Par ailleurs, une question se pose en filigrane depuis sa naissance : que doit être l’OTAN ? Une organisation atlantique dominée par les États-Unis ou une communauté dans laquelle les Européens affirmeraient peu à peu leur indépendance vis-à-vis de Washington ? Question d’actualité durant le mandat Trump et à l’aube de son potentiel retour.

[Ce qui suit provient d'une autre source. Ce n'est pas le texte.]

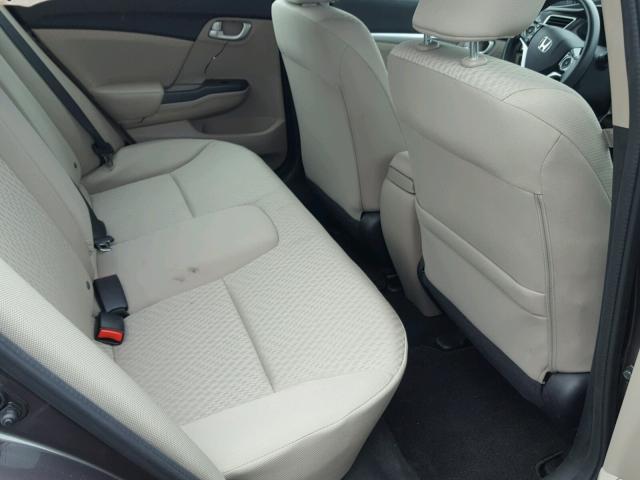 19XFB2F84FE013301 - 2015 HONDA CIVIC EX ნაცრისფერი ფოტო 6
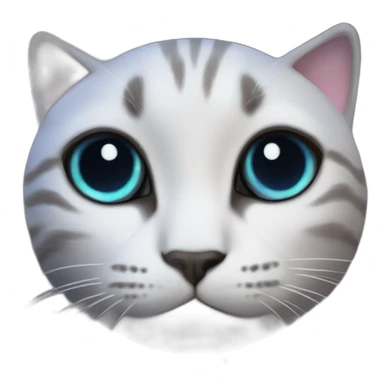 surprising real small cat face in real galaxy sticker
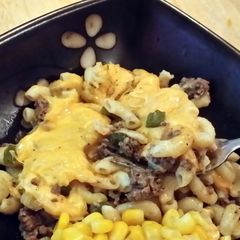 A picture of low calorie cheeseburger macaroni.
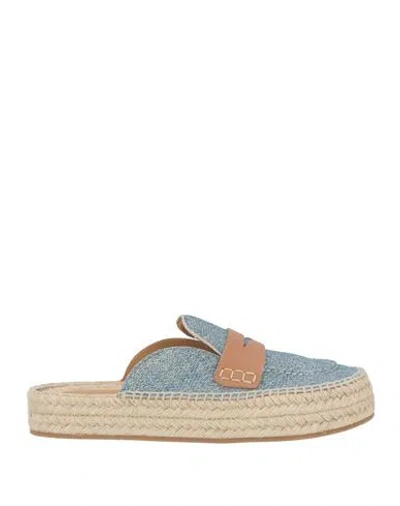 Jw Anderson Woman Espadrilles Blue Size 10 Textile Fibers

L’ouvrage propose aussi une autre lecture du second XXe siècle : la crise du canal de Suez, les relations avec De Gaulle ou encore l’Ostpolitik sont ainsi analysées au prisme de l’OTAN. Le lecteur appréciera toute la subtilité de Sten Rynning quand il retrace la crainte russe de voir l’Europe de l’Est rejoindre l’OTAN au lendemain de la guerre froide, alors que les États-Unis espèrent voir Moscou suivre le modèle allemand d’après 1945. L’auteur relève notamment que les présidents Bush et Clinton n’ont pas assez pris en compte la Russie dans leur système géopolitique. Dans le même temps, Evgueni Primakov, alors ministre des Affaires étrangères russe, forgeait la doctrine éponyme dont l’un des trois piliers était un droit de regard russe sur les anciens pays soviétiques. Une partie des cadres politiques russes sont encore sincèrement convaincus d’avoir reçu de Washington la garantie que l’OTAN ne s’étendrait pas vers l’est.

Le dernier chapitre s’inscrit dans l’actualité, l’auteur y soulignant la volonté, et la capacité, de l’OTAN à répondre à Poutine. L’OTAN vit à nouveau un moment décisif et deux chemins s’offrent à elle. Soit elle se tourne davantage vers une Chine de plus en plus audacieuse, soit elle poursuit son approfondissement en Europe tout en repensant l’équilibre entre l’engagement de Washington et celui des Européens. Si Sten Rynning plaide pour cette dernière option, la réponse se trouve probablement entre les deux, du fait des « effets de bord » (Thomas Gomart) connectant les champs de confrontation.